Parce que les sociétés modernes ne peuvent se stabiliser que sur le monde de l’accroissement, c’est-à-dire dynamiquement, elles sont, de façon structurelle, contraintes de rendre toujours plus de monde disponible, de le mettre à la portée de la technique, de l’économie et de la politique. Et ce de façon permanente et illimitée. Ainsi le projet culturel de notre modernité semble parvenu à son point d’aboutissement. Mais alors que toutes les expériences et les richesses potentielles de l’existence gisent à notre portée, elles se dérobent soudain à nous. En témoignent le surgissement de crises erratiques (d’ordre financières, écologiques, sanitaires) qui peuvent déboucher sur un chaos généralisé.
Et à mesure que les promesses d’épanouissement se muent en injonction de réussite et nos désirs en frustrations, la maîtrise de nos propres vies nous échappe.
La réalité est dans la manière dont nous menons notre vie et dans la façon dont nous tentons d’y répondre ; celle-ci est dans une confrontation permanente avec la structure et le contenu du désir et dans le fait que ce désir lui-même ne cesse de se transformer à son tour, et bien souvent dans une direction imprévisible.
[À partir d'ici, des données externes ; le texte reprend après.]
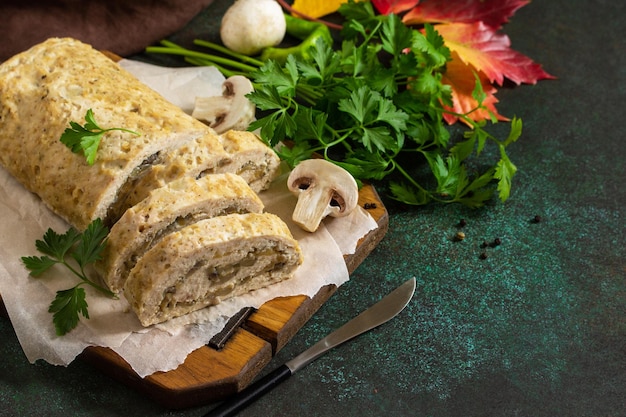 Stuffed meatloaf with mushrooms and cheese on the Thanksgiving holiday table Copy space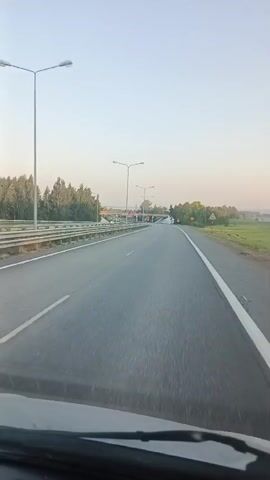 The video is a first-person perspective from inside a vehicle driving on a highway. The road has two lanes in the direction of travel, with a guardrail separating the lanes from the opposing traffic. The sky is clear and appears to be early morning or late afternoon. There are trees and fields on either side of the highway. Streetlights are visible along the road, and there are signs indicating a speed limit of 50. In the distance, an overpass can be seen. The overall atmosphere is calm and serene, suggesting a peaceful journey.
Nous découvrons constamment de nouvelles faces de nous-mêmes, nous y répondons en approfondissant nos connaissances, nos propres manières de réagir, mais nous n’en avons jamais fini avec nous-mêmes par notre incapacité à entrer en « résonance avec le monde ».
Cette incapacité peut revêtir deux formes contraires :
- soit céder à nos envies et, dans ce cas, nous serions des êtres capricieux, nous cesserions d’être des sujets doués de responsabilité et nous serions incapables de mener notre vie
- soit tenter de nous en tenir à des points de repère, des valeurs ainsi qu’à des normes et principes qui en sont dérivés sans se laisser guider par nos pulsions. Nous devenons alors face au monde des êtres endurcis et incapables de résonance. Il en résulte une auto-aliénation dans laquelle notre volonté d’agir et notre perception de soi divergent dramatiquement.
Pour comprendre au mieux ce dilemme, il est important de comprendre que le désir doit être constamment orienté vers quelque chose d’indisponible : nous désirons ce que nous n’avons pas (au moins à ce moment précis) ou du moins ce que nous n’avons pas totalement ou ne pouvons pas entièrement contrôler.
Ainsi fonctionne la libido : mettre à portée quelque chose qui ne l’est pas encore, dont nous ne pouvons pas disposer totalement de son issue ou prévoir son déroulement.
Et là se trouve peut-être la clé permettant de nous soustraire au jeu de l’accroissement sans limites auquel se livre la modernité et son ambition de rendre tout et chacun disponible : la structure fondamentale du désir est un désir de relation. Nous voulons atteindre ou rendre disponible quelque chose qui n’est pas « à notre disposition » et ce qui est désiré doit rentrer dans une relation de réponse, de réciprocité.
Et le désir s’éteint lorsqu’il n’y a plus rien à « découvrir » sur le vis-à-vis (objet ou personne), si nous maîtrisons ou contrôlons toutes ses propriétés, si nous le possédons totalement. La disposition complète de l’objet du désir provoque son extinction, elle est sans attrait et son indisponibilité est dépourvue de sens.
Cela signifie qu’une relation réussie au monde vise à l’atteignabilité et non pas à la disponibilité
Cette confusion entre « atteignabilité » et « disponibilité » trouve son expression peut-être la plus lourde de conséquences dans la transposition d’un « désir de relation » fondamental chez l’être humain et un « désir d’objet ». La logique de marchandisation capitaliste et du consumérisme se fonde sur le fait de répondre à la soif insatiable de « résonance » quelle que soit la nature de notre désir.
Un monde qu’on aurait rendu complètement disponible ne serait pas seulement sans attrait, il serait aussi sans résonance. La modernité a rendu le monde disponible d’une manière incomparable et dans une mesure inconcevable. C’est ainsi que la frustration et la dépression augmentent.
Une analyse renouvelée de la structure de notre désir, faisant appel à des outils psychologiques, mais aussi philosophiques et sociologiques, pourrait constituer une issue pour sortir du labyrinthe de notre société d’accroissement sans fin.
Notre relation au monde doit nous apparaître non comme un point d’agression vis-à-vis de celui-ci mais comme un point de « résonance », fondée non pas sur la « domination et le contrôle » mais sur une attitude « d’écoute et de réponse » basée sur son caractère « d’atteignabilité » sans vouloir pour autant se l’approprier.